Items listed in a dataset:

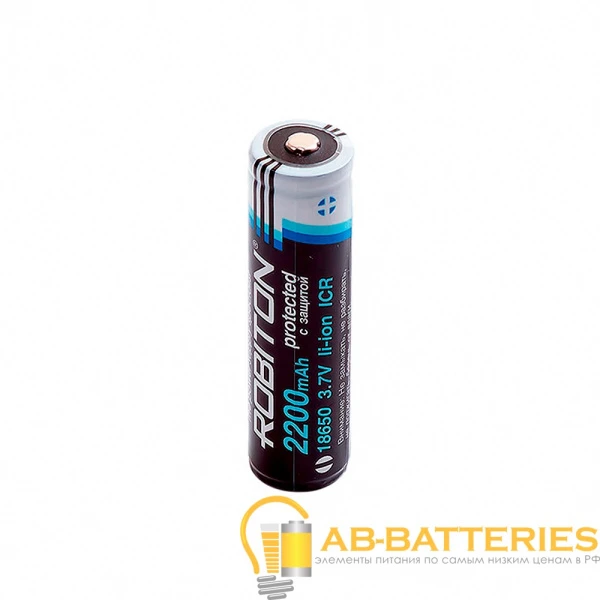 Аккумулятор ROBITON 2.2/Li18650 с защитой, в упак 80 шт PK1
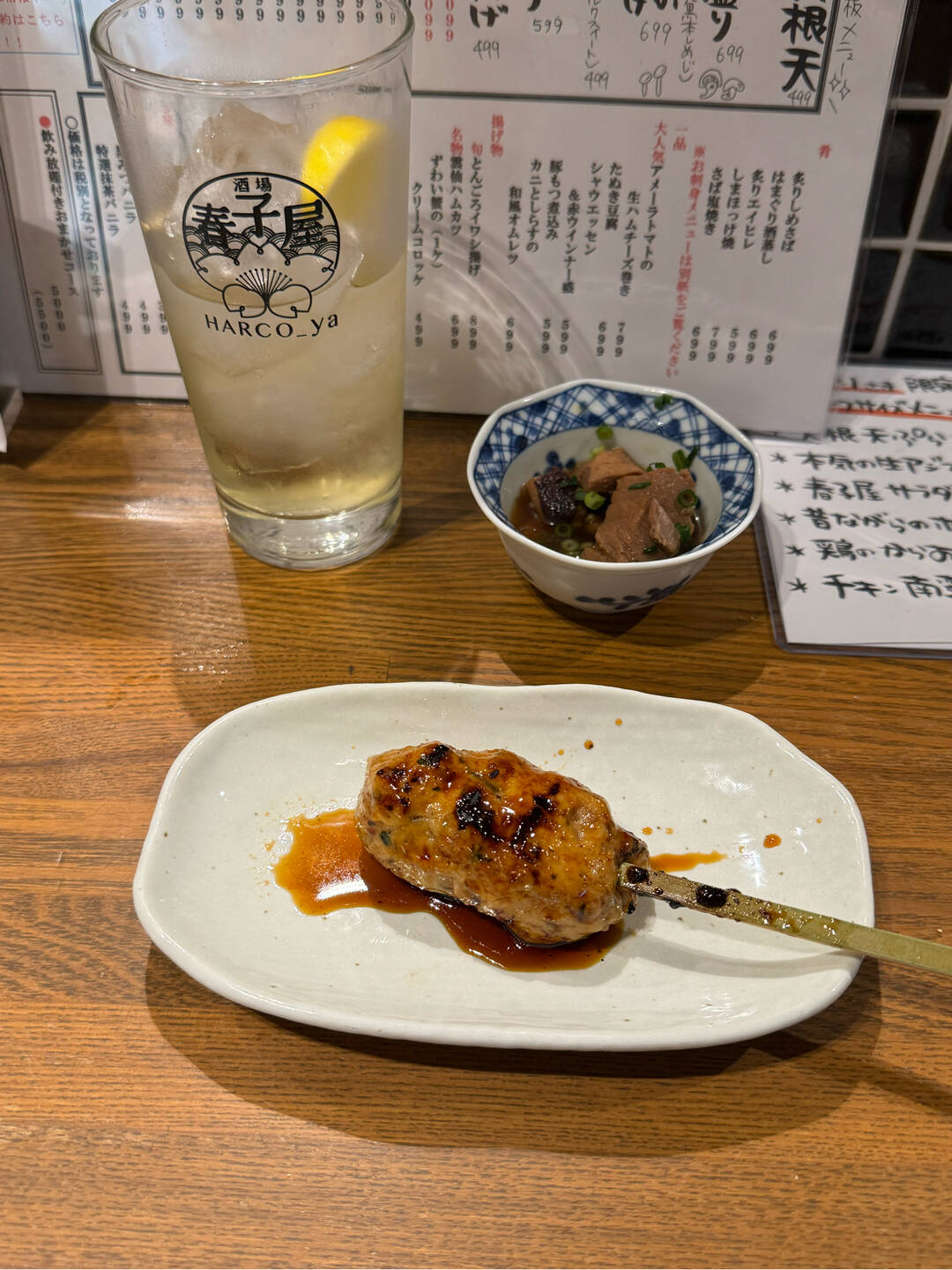 도쿄-맛집1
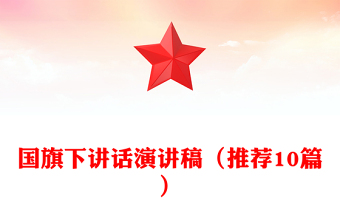 國旗下講話演講稿（推薦10篇）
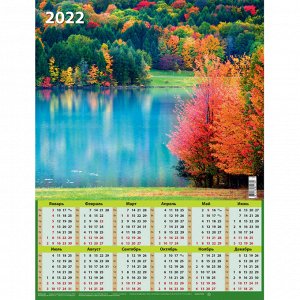 Календарь листовой настен.,2022,450х590,Времена года,мелов,280000...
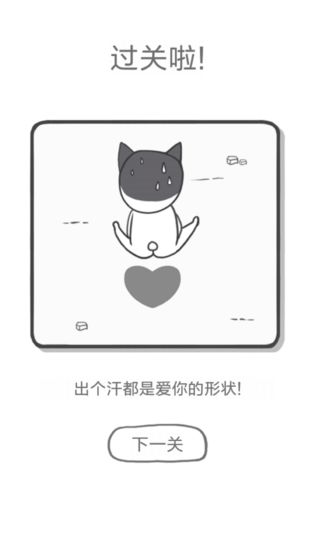 都是爱你的形状手游app截图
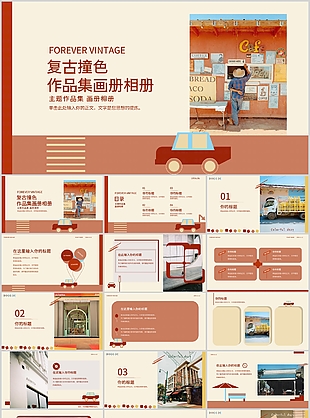 个性复古撞色作品集画册相册PPT模板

Work task:
Your reply should repeat the entries above exactly, leaving the pictures out.

Answer for this exercise:
 Аккумулятор ROBITON 2.2/Li18650 с защитой, в упак 80 шт PK1
 도쿄-맛집1
 國旗下講話演講稿（推薦10篇）
 Календарь листовой настен.,2022,450х590,Времена года,мелов,280000...
 都是爱你的形状手游app截图
 个性复古撞色作品集画册相册PPT模板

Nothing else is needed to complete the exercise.